Not me. I'm hip to their game, and I ain't playin' it. Gambling isn't fun, unless you're talking about a half dozen pals sitting around someone's house playing poker and drinking cheap beer. That's more about the camaraderie than the gambling. But in a casino? No way. Taking a look around, examining all of the people, I don't see anyone really having fun. I see a tired, glazed look in people's faces, I see despair, loss, and hopelessness. I see the grey visages of poor folks who spend a year working hard, just to take their two weeks vacation in a town like Reno or Las Vegas, thinking all year long that when they get here, they are going to be the one who beats the odds and - in one night - will break the bank and make enough to retire. I see desperate losers trying to parlay their last few bucks into enough cash to pay some debt. I see cold, hard faces in the Poker rooms, joyless in their determination to cash in. No camaraderie here. I see small town sheep herded here by advertising and the propaganda disseminated by the media, really believing that it is glamorous and exciting. It isn't...

But there is fun to be had. There is fun to be had anywhere, if you are in the frame of mind to let some unknown quantity sweep you up and take your night into whatever place destiny wants to take you. Unfortunately, this philosophy is hard to reconcile on a Wednesday in Reno when it is snowing. It was pretty dead everywhere I went, and I seemed to be the only person in the 10% capacity crowds who was under the age of 50.

Eschewing the relatively large casinos for a tiny dump a little ways off of the main strip (the Old Reno Casino), I chatted with the ancient bartender, an even older waitress, and two business men from Chicago. The 28 oz. beers were well within my budget at $2.25, and the hot dogs were fifty cents. Both suds and dogs were disgusting.  You do indeed get what you pay for.  The Old Reno Casino is decorated with a macabre array of old taxidermy and other incongruous crap covering all of the walls. It was stinky, and small, and old, and dirty, and wretched, and I liked it.

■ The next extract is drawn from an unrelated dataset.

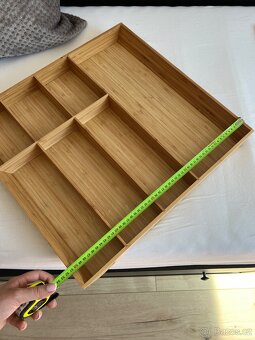 Organizér na příbory / Bambusový příborník IKEA - 6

I eventually landed in a plain old bar, which I chose for four reasons: first, it was not a casino, just a 'neighborhood' bar. This was a place where I was more likely to encounter someone interesting or entertaining.  Second, there were none of the ubiquitous video poker machines sunk into the bar at each bar stool like you see everywhere else in the state of Nevada. Third, it was called Shooters, and since I used to work in a miserable shithole of the same name in Cleveland (circa 1989), I thought that I might like to torture myself with the memory. Fourth (and most important), they were playing Patsy Cline on the jukebox as I walked by.

There was a nature show on the televison, featuring two giant tortoises having sex. I had seen an almost identical sex act perfomed live at the San Diego Zoo in 1995. I could swear that they were the same horny tortoises (yes, maybe I am a tortoise husbandry fiend, what is it to you?). Many people come to Nevada to see or experience weird sexual perversions that they can't get at home, but giant tortoises probably aren't what most people have in mind.

I made friends with the bartender, Jen, who didn't have many other customers on this snowy Wednesday night. After chatting with her for a bit (and taking a silly picture of her guy friend wearing a ridiculous hat), she directed me to a nightclub inside of the casino across the street, where she predicted most of the people who were out and about that night would be.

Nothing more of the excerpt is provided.